Tras casi ocho décadas caracterizadas por un pacifismo profiláctico y un ejército relegado a funciones ceremoniales, Alemania tomó la decisión estratégica más trascendental desde la Guerra Fría. Bajo el liderazgo del canciller Friedrich Merz, el país moviliza un histórico presupuesto de 377.000 millones de euros para reconstruir su poderío bélico, liderar la defensa de Europa oriental y blindar al continente frente a la amenaza de Rusia y la creciente volatilidad política de Estados Unidos.
De gigante pacifista a pilar militar de Europa
Durante cerca de 80 años, la República Federal de Alemania operó como el motor económico incuestionable de Europa, manteniendo al mismo tiempo una postura militar contenida tras la Segunda Guerra Mundial. Sin embargo, la degradación acelerada del orden de seguridad europeo forzó una ruptura categórica con este paradigma.
La Bundeswehr, catalogada durante décadas como una fuerza en declive, se encuentra en plena metamorfosis para convertirse en el ejército convencional más poderoso y tecnológicamente avanzado del continente europeo.

El gobierno de Friedrich Merz asumió formalmente que la estabilidad de Europa central y oriental depende de la capacidad alemana para proyectar un músculo militar disuasorio e inquebrantable.
La amenaza de Rusia y Estados Unidos en Europa
Históricamente, la Alianza Atlántica exigía a sus miembros destinar un mínimo del 2% de su producto bruto interno (PBI) a la defensa, meta que Alemania incumplió reiteradamente en años anteriores. En el actual contexto geopolítico de 2026, las conversaciones en Bruselas han dado un giro dramático: para disuadir de manera efectiva un enfrentamiento a gran escala con potencias rivales, la OTAN impulsa a sus miembros a alcanzar un nivel de gasto militar de hasta el 5 % del PBI durante la próxima década.
Para la primera economía europea, esto representa una cifra superior a los 200.000 millones de euros anuales. Lejos de esquivar el requerimiento, Berlín aceptó el reto, aspirando a convertirse en el hub logístico, operativo y de mando en el flanco oriental de la alianza.

El cambio de doctrina germano también responde a otro vector de conflicto que dejó una serie de enseñanzas: la guerra en Ucrania y la amenaza de los servicios de inteligencia de Rusia.
El conflicto ruso-ucraniano demostró la vigencia de los blindados y la artillería pesada pese al auge de los drones. A su vez, los ciberataques del GRU, el servicio de inteligencia militar de las Fuerzas Armadas de la Federación Rusa, se convirtieron en un verdadero inconveniente para el sistema de control aéreo germano. La inteligencia rusa también generó campañas masivas de desinformación para desestabilizar la política interna y una serie de sabotajes marítimos en el mar del Norte.
La estrategia militar de 377.000 millones de Alemania
Para materializar esta transformación, el Bundestag aprobó un paquete inicial de 50.000 millones de euros integrado dentro del megaplan de 377.000 millones. Esta inyección de capital público reactivó con fuerza inusitada la industria de defensa germana e internacional, con firmas como Rheinmetall, KNDS (Krauss-Maffei Wegmann y Nexter) y Diehl Defence a la cabeza.

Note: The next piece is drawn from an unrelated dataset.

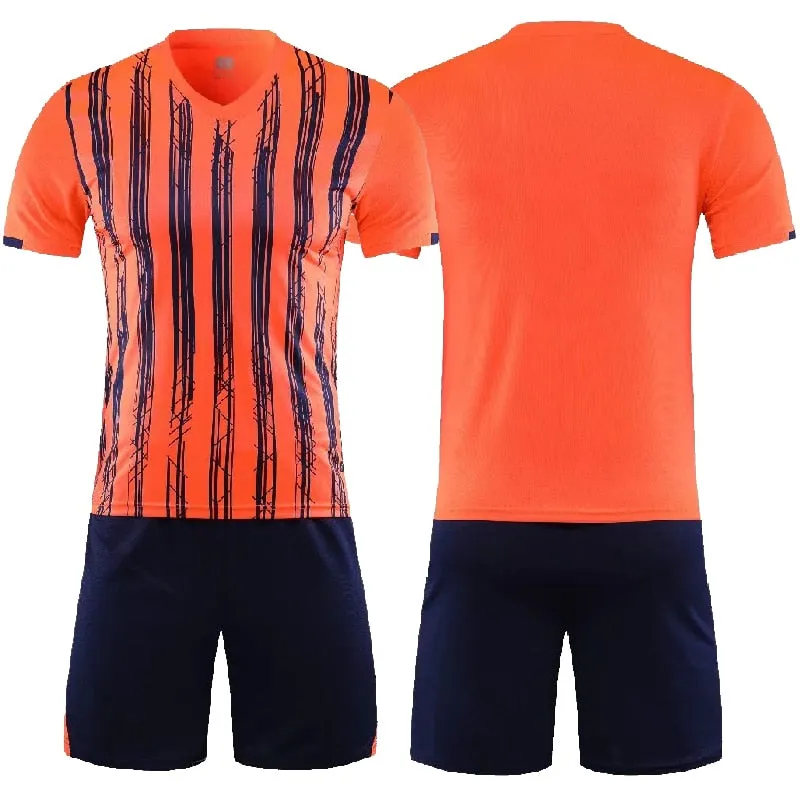 Adults Kids Soccer Football Custom Jersey Shorts Team Uniform Set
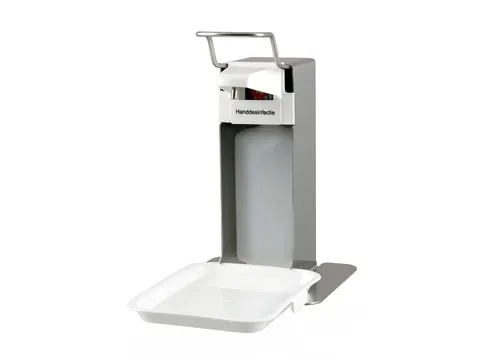 Zeepdispenser & Desinfectiedispenser 500 Ml Beugel Rvs Lb Opvangschaal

Uno de los contratos estrella es el Arrow 3, un interceptor de misiles balísticos en el espacio exoatmosférico, por encima de los 100 kilómetros, que será adoptado en el marco de un contrato histórico de 3600 millones de euros.
Por otro lado, Alemania instrumentó la modernización del histórico Leopard 2A8, el tanque de combate principal con protección activa contra drones kamikazes, una lección aprendida de Ucrania, y que hoy es demandado por toda la OTAN. Otro blindado que cobrará mayor protagonismo es el Skyranger 35, también enfocado en la defensa antiaérea de corta distancia y optimizado para neutralizar drones tácticos.
En paralelo, Berlín continúa con la adquisición de los cazas F-35 provenientes de Estados Unidos, que cuenta además con su propia línea de producción que apunta a modernizar la Luftwaffe.
De esta forma, Alemania se encamina a uno de los mayores procesos de rearme militar de su historia y proyecta un poder inédito hacia Europa, con Estados Unidos y Rusia como objetivos centrales de una disputa que tiene al Viejo Continente en el medio.